Last week, vaccine-maker Moderna announced that its candidate mRNA vaccine against stage three or four melanoma showed a 44 percent reduction in risks of skin cancer recurrence or death among patients who received both the vaccine and a Merck drug called Keytruda, which boosts the immune response against cancer cells, compared to those who took only Keytruda. Moderna’s personalized mRNA vaccine trains the immune system to produce T cells against 34 cancer-specific antigens. Although the results of this phase two clinical trial are yet to be peer-reviewed, the company, along with Merck, is planning a larger phase three trial in 2023 to test the vaccine’s safety and efficacy.

Cancer immunologist Olivera Finn at the University of Pittsburg is testing a preventative vaccine that can be given at a pre-cancer stage, when an individual develops benign growths called polyps—which are not dangerous but can turn malignant—inside their colon. The vaccine targets an abnormal form of a protein called MUC1 produced by some non-malignant colon polyp cells. It led to a 38 percent reduction in recurrence within three years of vaccinating nearly 50 individuals with advanced polyps. “If you don’t get a new polyp, you’re not going to be at an increased risk of a colon cancer,” Finn says.

An important next step for scientists is to figure out why some people respond better to the vaccines than others and how long they’ll be protected. Until then, the hope is to see more vaccine candidates progress to phase three randomized clinical trials where their safety and effectiveness will be evaluated in a large group of patients.
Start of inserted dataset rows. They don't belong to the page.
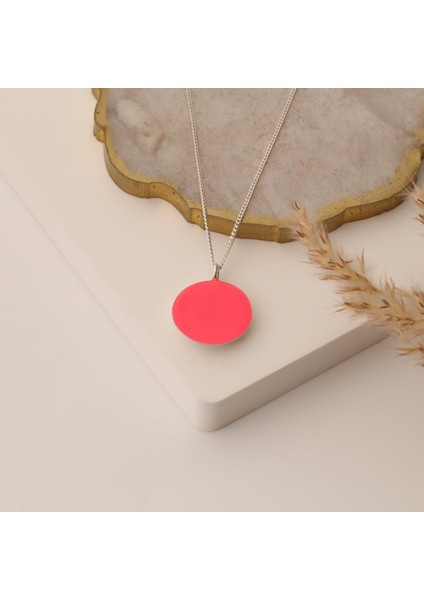 925 Ayar Gümüş Pembe Mineli Yuvarlak Model Kolye fiyatları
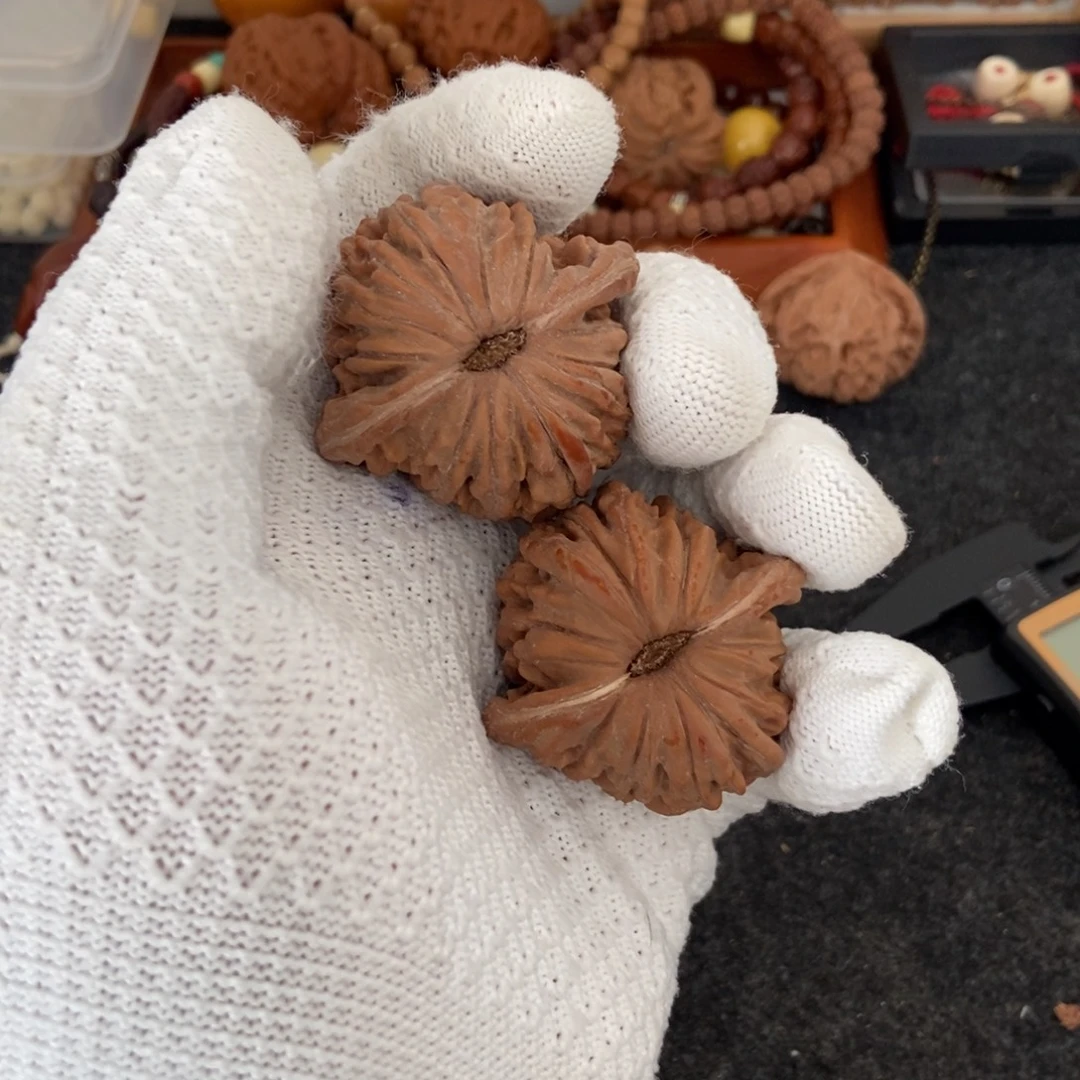 文玩核桃把件25新果四座楼46尺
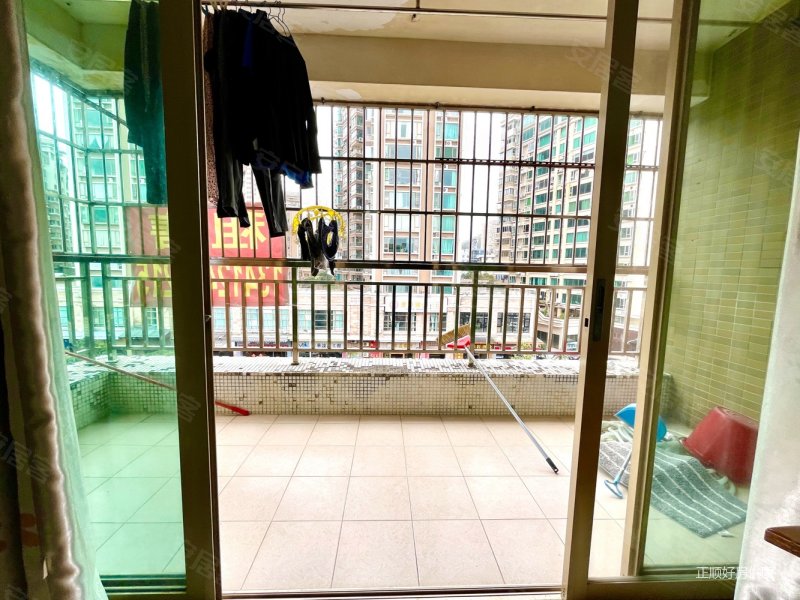 真扛不住了吉大龙洲湾花园大三房只卖2房价格九洲中学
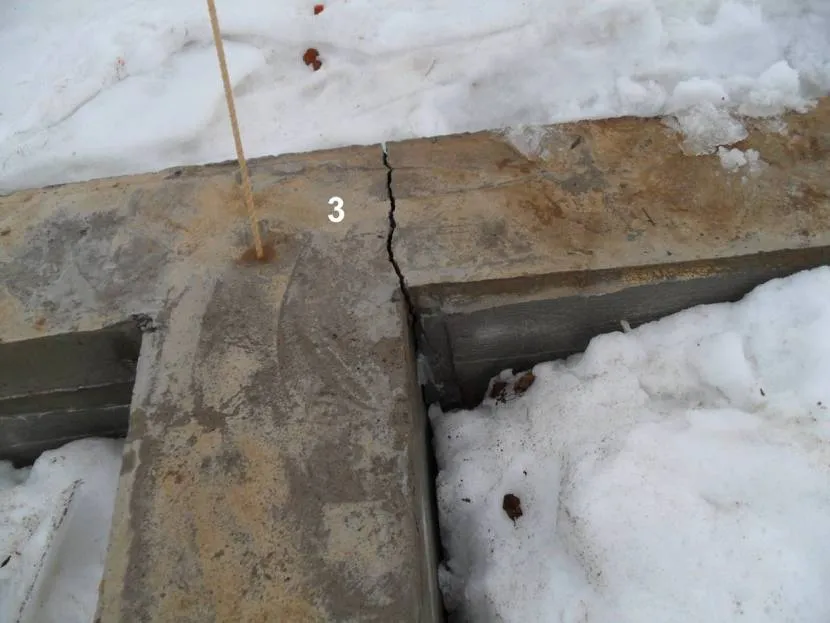 Фото-факт: трещина в фундаменте, появившаяся зимой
What challenges do scientists foresee?

Despite the renewed excitement in developing and testing cancer vaccines, given technological advances, some scientists like Klebanoff remain skeptical. He wonders if the vaccines will ever be potent enough to cause tumor shrinkage in a way that is clinically meaningful and whether alternatives like engineering a patient’s T cells—so called CAR-T cell therapy—so they can better recognize tumor cells will be a more effective strategy. His research group uses the latter approach. But he remains eager to see what the data from ongoing vaccine clinical trials reveals.

Since therapeutic vaccines are often tested in patients with advanced cancer who have had their tumor surgically removed and have been through chemotherapy or radiation, their immune systems are really beat up, Schoenberger says. It’s likely that the vaccines may not perform as well at this late stage of disease. We’ll need to find the patients and the specific clinical settings in which cancer vaccines are most effective, he says.

Cancer vaccines are still in the early phases of testing and refining, Butterfield cautions. There’s a lot of work to be done, both on the preventative and therapeutic vaccines front.”